Mormon Temple in Accra
Ghanaian churches are also active in Germany, for example in Hamburg, where in addition to the Mainline Churches there are more than 100 Ghanaian congregations of various Pentecostal characteristics. The United Methodist Church Ghana of UMC Germany, Ebenezer Society, Hamburg Circuit is well integrated into the Methodist Church as a ‘classical’ church.
Religion and the practice of religion is not a private matter, but an integral part of everyday life, and the religious communities are also an integral part of the political system. The Christian religion dominates the streetscape, because large posters advertise the countless churches, and at least half of all vehicles drive with God and Jesus. Slogans like ‘God is greater than any problem I have’ or ‘I will make it in Jesus’ Name’ adorn cars and buses. And even companies use religious content such as the examples’ Wonderful Jesus Hardware Stores’ or The Lord is my Light Car Wash ‘show. In view of this attractive environment, even the Mormons made their decision to build their own temple in Ghana, one of 16 countries located in Western Africa according to aceinland. After South Africa, this was the second church on the continent and the first in West Africa. Since the beginning of 2004, its stately church has shaped one of the best quarters of Accra.
Supreme Court approves the planned construction of the ‘National Cathedral’
Unsurprisingly, on January 23, 2019, the Supreme Court gave the green light in a unanimous vote for the construction of a gigantic cathedral, which, largely financed by the state, should reflect Christianity in Ghana as an ecumenical lighthouse. Critics who regard the project as constitutionally inadmissible interference by the secular state in religious matters had filed the lawsuit the previous year. The court even extended the verdict and ruled that the state also had the right to set up a subordinate authority to coordinate and conduct pilgrimages by Muslim believers to the ‘holy places’ of Islam.

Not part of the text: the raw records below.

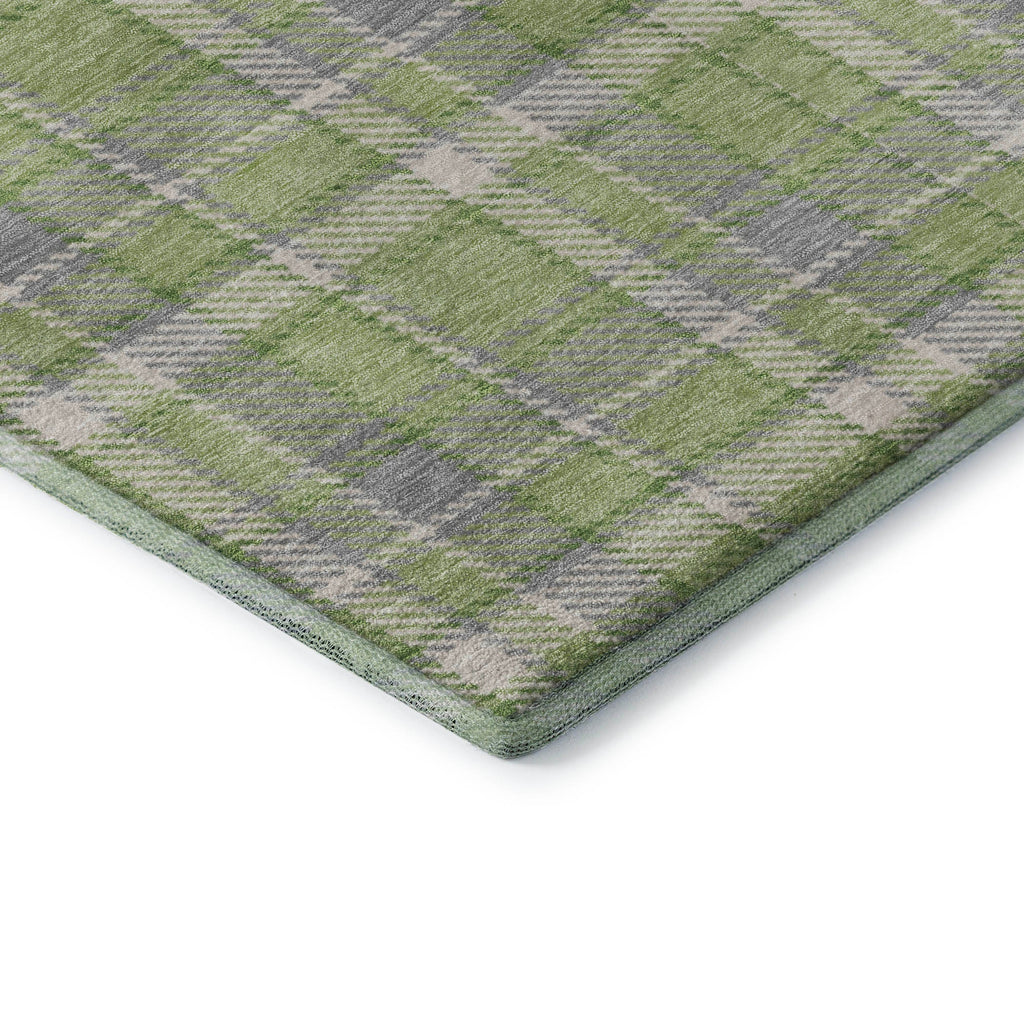 addison mayfield amf563 green rug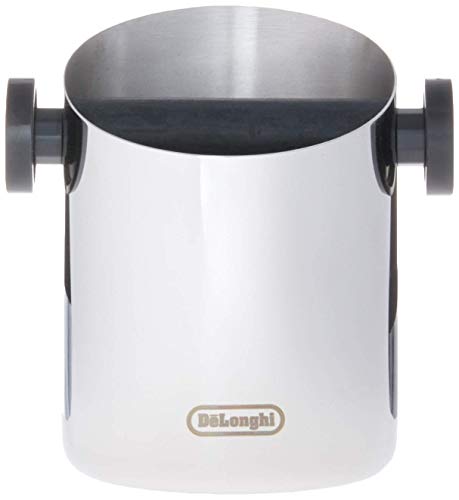De'Longhi Mirror Stainless Knock Box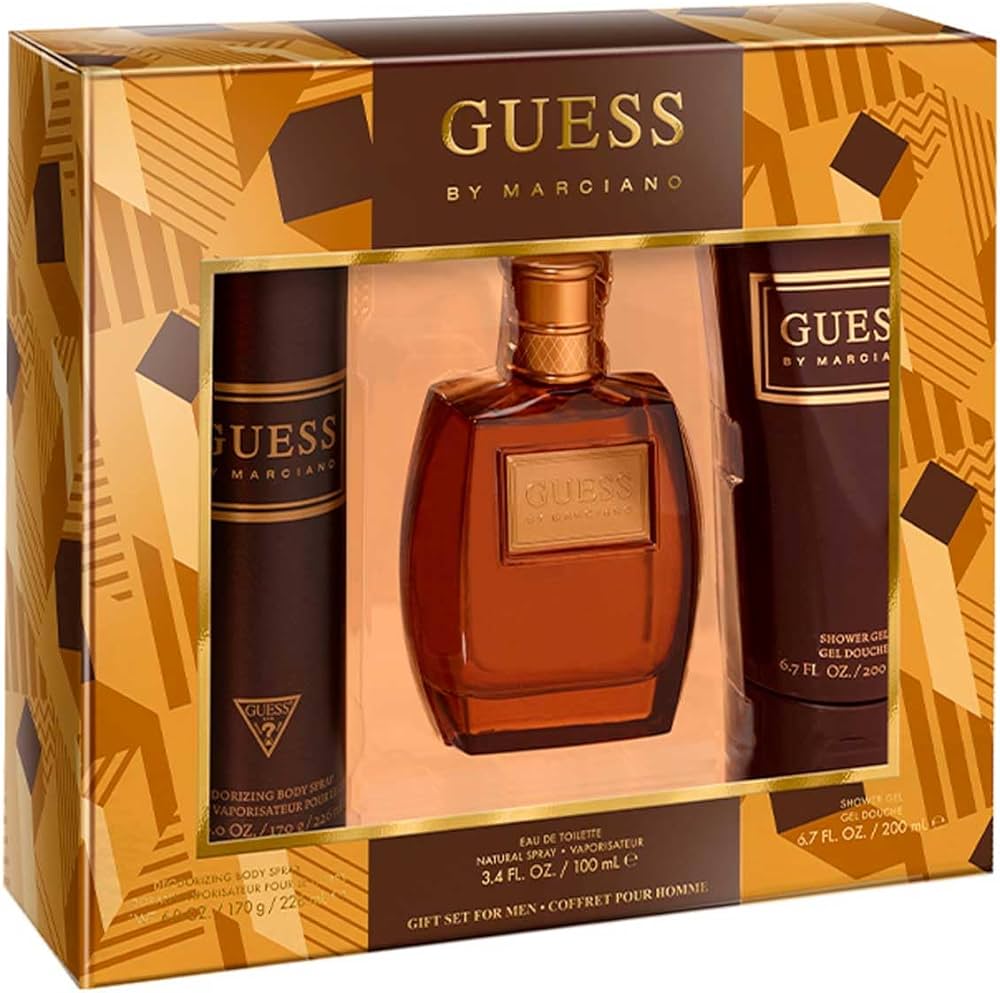 GUESS MARCIANO 3 Piece Set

Ahmadiyya Mosque in Tamale
Nevertheless, Islam and its self-portrayal only play a minor role in Ghana. Only the Islamic special community of Ahmadiyyais obvious. In addition to their mosques, they run hospitals, schools and theological educational institutions quite successfully. Originating from Indian-Sunni Islam, this reform movement emerged in the early 19th century in the context of Islamic-messianic movements. One focus of her missionary work on the African continent is West Africa, especially Ghana and Nigeria. However, within the Islamic world community it is not recognized as a fully fledged Islamic community and for this reason is not a member of the Organization of Islamic Cooperation (OIC), formerly the Organization of Islamic Conference. Sunni Islam, represented by Turkey, is now also represented in Ghana, as the imposing mosque building in Accra underscores. Furqan Mosque, which Turkey is financing and building. However, completion was delayed, and it is not foreseeable in mid-2019 when the first believers will be able to use the mosque.